God made us in his image, that is, in the image of his own free will. Before the Fall, Adam enjoyed three freedoms: the freedom to choose, which is the very essence of free will; the freedom to choose aright, that is, to avoid sin; and, finally, the freedom to carry out his choices, and thus enjoy the friendship of God. After the Fall, Adam, and all his progeny, still enjoyed this freedom of choice. With the Fall, though, our freedom to always choose aright, that is, to always avoid sin, and our freedom to carry out our choices always and perfectly in the way that allows us to enjoy the friendship of God, was damaged.
The righteous and the unrighteous alike remain perfectly free in their freedom to choose. That freedom remains permanent, infinite and incapable of being lost. It is when we use our free will to choose rightly that we remain loyal to the image of God that we are made in. When we use that same infinite freedom of choice to do evil, we are in rebellion from the image of God in which we were made. In other words, we rebel against our own God-given nature. There are countless things, great and small, that demand the use of our freedom of choice every day. As today’s passage says: There are set before [us] fire and water, life and death, to whichever [we] reach out our hands, whichever [we] choose will be given us. In countless situations, we come up against the choice between doing what is right in the eyes of God, or not. And in every case, we remain absolutely free to make either choice, but only when we choose rightly do we remain loyal to God and to our God-given nature. If, in our freedom, we choose to do evil, we choose to damage or to destroy our friendship with God, and we endanger our eternal souls. We are absolutely free. In this knowledge we are to remember this: “The fear of the Lord is the beginning of wisdom and the knowledge of the Holy One is understanding” (Proverbs 9:10). Before us is fire and water, life and death; let us choose rightly.

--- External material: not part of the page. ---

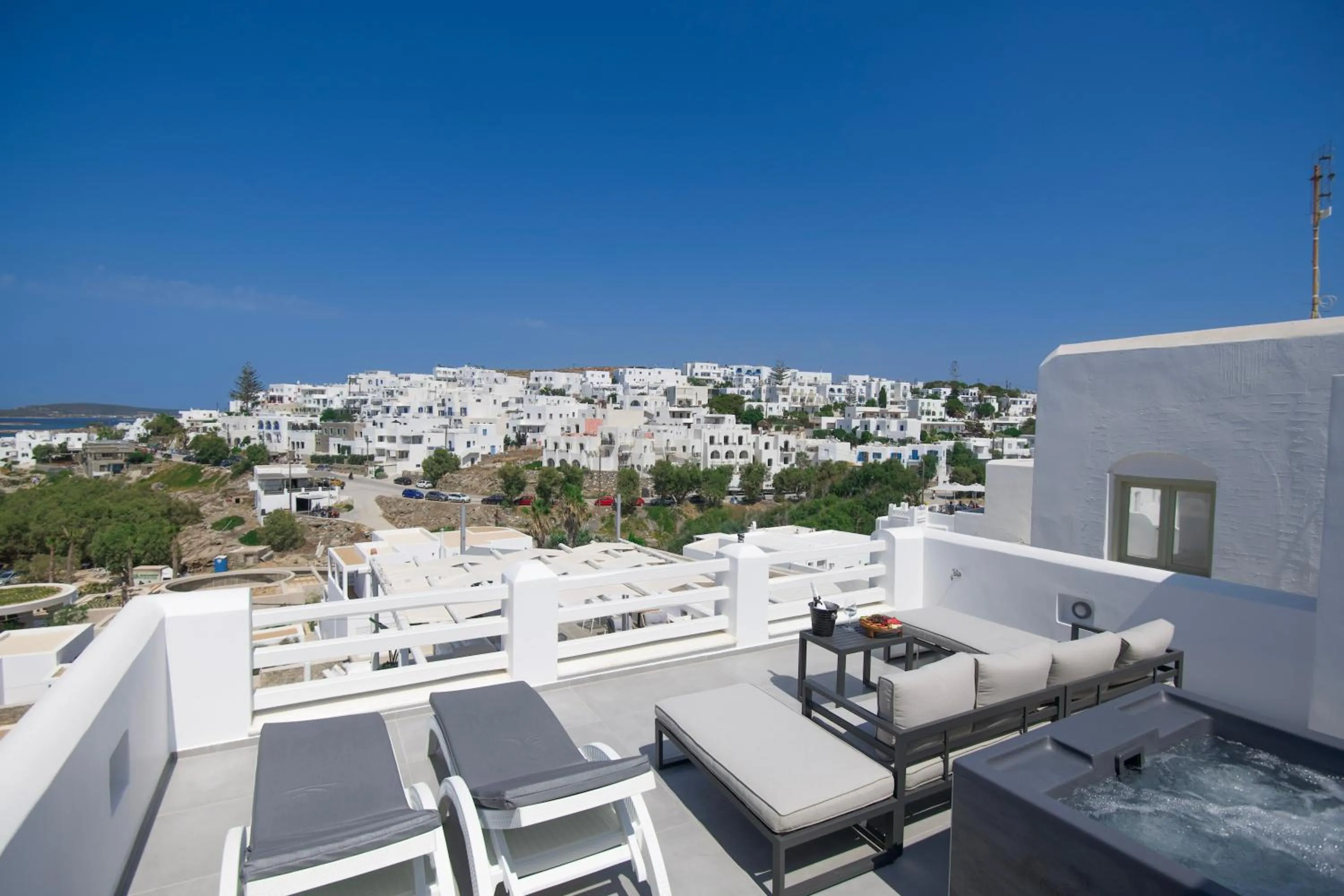 Alexandros Apartments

Lord, We are weak and in need of your generous and loving grace. We know that you made us in your own image, in your own freedom. Our deepest desire is to remain loyal to you in that freedom, but we are often overwhelmed with fear, or by inordinate desires, and sometimes we fall short. By your grace, increase our knowledge of the good and our courage to choose the good in all circumstances, especially in the most difficult of times. Increase, too, our faith, our hope, and our love, so that we may, more and more often, stretch out our hands to the “water” and to the “life” that you place before us at all times. Help us to remain loyal to your will in all that we think, say, and do. We pray in Jesus’ name. Amen!